Category Archives: Polar Exploration

Mapping North Greenland 100 years ago

Living off the land, Greenland’s early explorers ate their dogs, fungi, and roots of plants a few inches high to not starve to death. There is nothing romantic in the detailed reports of Knud Rasmussen, Peter Freuchen, and Lauge Koch that mapped in much detail coastlines, glaciers, and fjords of North Greenland between Thule in the west and Independence Fjord in the east. These Danes worked and lived closely with Inuit hunters and their families at what still is the northern edge of where a small number of people can survive by hunting seals, walrus, whales, and polar bears on the ice and musk ox, reindeer, and rabbits on land. Most people did not live as long and as well as we do now, because life and food were always in short supply.

Ascent of the Inland ice in April 1912 as the First Thule Expedition starts from Clemens Markham's Glacier to Independence Fjord. All 4 explorers returned, but only 8 of the 54 dogs did.

Ascent of the Inland ice in April 1912 as the First Thule Expedition starts from Clemens Markham’s Glacier to Independence Fjord. All 4 explorers returned, but only 8 of the 54 dogs did.

I am reading the reports of the First Thule Expedition of 1912 (4 people), the Second Thule Expedition of 1917 (7 people), and the Bicentenary Jubilee Expedition of 1921 (4 people). Each person had its own dog sled team with 10-14 dogs per team. Knud Rasmussen and Peter Freuchen with Uvdloriaq and Inukitsoq successfully crossed the ice sheet in 1912 from east to west and back. Only 5 of the 7 members of the Second Thule Expedition returned, because Greenlander Hendrik Olsen disappeared while hunting wolves which may have killed him and the Swedish scientist Dr. Thorild Wulff starved to death when he gave up walking as witnessed by Lauge Koch and Inuit Nasaitsordluarsuk and Inukitsoq.

Map detail of Inglefield Land with tracks from Second Thule Expedition after leaving the ice sheet, from Rasmussen (1923). Humboldt Glacier is on the right with Kane Basin to the top.

Map detail of northern Inglefield Land with tracks from Second Thule Expedition after leaving the ice sheet with the location of Dr. Wulff’s death. Humboldt Glacier is on the right with Kane Basin to the top. From Rasmussen (1923).

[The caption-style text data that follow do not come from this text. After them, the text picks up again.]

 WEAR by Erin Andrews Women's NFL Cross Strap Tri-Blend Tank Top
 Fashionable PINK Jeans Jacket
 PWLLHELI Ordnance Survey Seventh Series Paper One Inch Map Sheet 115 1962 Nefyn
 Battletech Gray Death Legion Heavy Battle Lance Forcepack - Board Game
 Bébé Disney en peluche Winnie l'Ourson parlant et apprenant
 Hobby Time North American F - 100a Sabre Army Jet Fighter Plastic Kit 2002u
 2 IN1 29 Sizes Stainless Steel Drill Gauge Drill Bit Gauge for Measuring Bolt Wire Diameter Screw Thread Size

This last death cast a life-long spell on Lauge Koch who never forgave Knud Rasmussen and Peter Freuchen for insisting on a formal Court of Inquiry in local Greenland and not remote Denmark to clear Lauge Koch of any wrong-doing. Both believed that Koch had acted properly when he choose to live and walk and not starve with Wulff, but they felt that local Inuit witnesses and local knowledge in Greenland would make the legal task to clear Koch easier sooner than a more removed Court in Denmark.

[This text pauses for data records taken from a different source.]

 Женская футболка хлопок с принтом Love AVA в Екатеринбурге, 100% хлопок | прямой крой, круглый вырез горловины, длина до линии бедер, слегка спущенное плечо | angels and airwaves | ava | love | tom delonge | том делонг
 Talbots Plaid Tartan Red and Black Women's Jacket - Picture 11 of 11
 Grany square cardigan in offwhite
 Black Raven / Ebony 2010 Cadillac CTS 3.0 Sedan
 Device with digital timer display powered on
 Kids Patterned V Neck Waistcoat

Knud Rasmussen (right) and Lauge Koch (left). [Photo: Holger Damgaard, National Library of Denmark.

Knud Rasmussen (right) and Lauge Koch (left). [Photo: Holger Damgaard, National Library of Denmark.

The Freuchen family on a visit to Denmark: Naravana, Pipaluk, Peter, and Mequsaq [Source: Freuchen, P., 1953: Vagrant Viking. Julian Messner Inc., NY, 312 pp.]

The Freuchen family on a visit to Denmark: Naravana, Pipaluk, Peter, and Mequsaq [Source: Freuchen, P., 1953: Vagrant Viking. Julian Messner Inc., NY, 312 pp.]

These Danish expeditions represent the second phase of exploration of North Greenland after the quest of national glory to reach the farthest north by British and Americans was settled when Robert Peary claimed to have reached the North Pole in 1909. The many American and English expeditions through Nares Strait from about 1853 (Elisha Kane) had relied on native guides, hunters, and polar skills, but the sheer number of whites and their massive material wealth change both local cultures and wildlife. For example, the early Europeans and American explorers provided guns and new technologies which were traded for furs, clothing, and local knowledge of survival. In return Inuit families provided food, clothing, and native polar technologies. These often proved crucial for survival as demonstrated by Joe Eberling and Hans Hendrik with their families who kept 18 people alive for 6 months in 1873 when their party of British and German men was stranded on an ice floe drifting more than 1800 miles to the south until they were picked up by a whaling ship off Labrador.

After the “Imperial” expeditions ended with the “conquest of the North Pole” in 1909, the local Inuit were left without contact to southern material goods such ammunition for their guns until Knud Rasmussen and Peter Freuchen privately founded the Thule Trading Post in Westenholme Fjord. Their goal was to set up a base to support their aspiration to explore and map northern Greenland via small expeditions and to show a link between Denmark and the people living in what was then called the Thule district of Greenland. Their choice of location was excellent and even today, Thule is still the hub to get to northern Greenland by ship or by air. I traveled through Thule in 2003, 2006, 2007, 2009, 2012, and 2015 as I boarded US, Canadian, or Swedish icebreaker at this only deep water north of the polar circle outside Scandinavia.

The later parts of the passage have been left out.